4. ML's intangible assets were taxable. The method for measuring the value of intangible assets uses a forward-looking analysis. Where a company operated or whether it was reliable years before its sale does not matter as much as the company's scope and reliability immediately preceding the sale. The record in this case showed connections between Michigan and ML both before the sale and as a potential future growth market. ML had a business presence in Michigan for many years before the sale to Vectren, and Michigan remained a target for ML given ML's existing customers and planned market growth at the time of the sale. Accordingly, the fact that ML's net income during the short year was much greater than in previous years did not support the conclusion that the sales factor itself did not fairly represent the extent of ML's business activity in Michigan.

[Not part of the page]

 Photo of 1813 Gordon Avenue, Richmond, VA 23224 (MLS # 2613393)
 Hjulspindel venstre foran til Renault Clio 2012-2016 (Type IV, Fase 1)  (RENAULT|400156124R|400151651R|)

5. The apportionment formula did not violate the Due Process Clause. Under MCL 208.1309(3) and United States Supreme Court caselaw, the formula is rebuttably presumed to fairly represent the business activity attributed to the taxpayer in Michigan unless it can be demonstrated that the business activity attributed to the taxpayer in Michigan is out of all appropriate proportion to the actual business activity transacted in Michigan and leads to a grossly distorted result or would operate unconstitutionally to tax the extraterritorial activity of the taxpayer. A tax satisfies the Due Process Clause when the tax is applied to an activity with a substantial nexus with the taxing state, is fairly apportioned, does not discriminate against interstate commerce, and is fairly related to the services provided by the state. Fairness has two components: internal and external consistency. Internal consistency requires that if the formula was applied by every jurisdiction, it would result in no more than all the unitary business income being taxed. External consistency means that the factor or factors used in the apportionment formula must actually reflect a reasonable sense of how income is...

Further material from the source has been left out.